##### Recorded information
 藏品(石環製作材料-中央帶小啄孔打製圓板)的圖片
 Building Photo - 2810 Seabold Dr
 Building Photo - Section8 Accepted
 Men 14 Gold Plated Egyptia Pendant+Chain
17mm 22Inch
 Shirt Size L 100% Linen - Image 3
##########
##### Recorded information
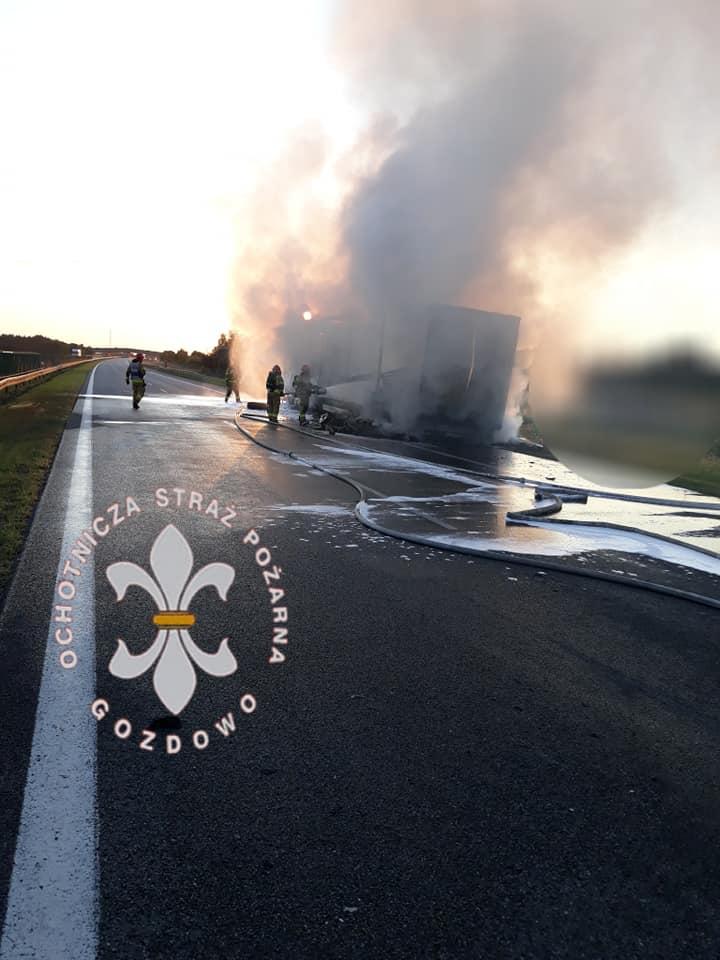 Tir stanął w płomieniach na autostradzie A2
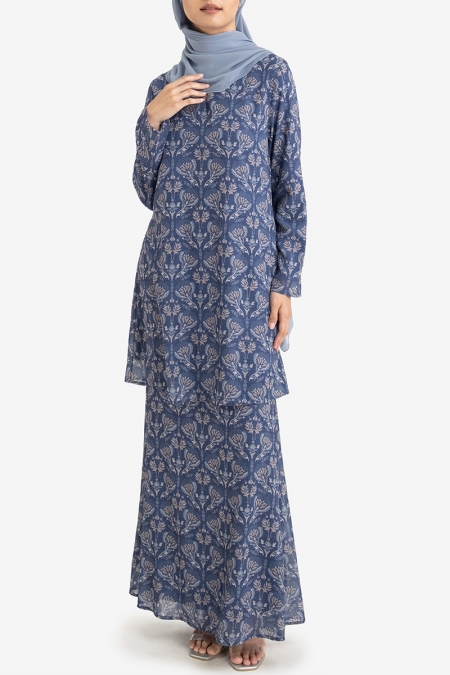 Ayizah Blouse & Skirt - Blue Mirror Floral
##########
• **Task description**
Each line of the material that holds the string "Building" counts once; give the total alone.

• **Finished exercise**
2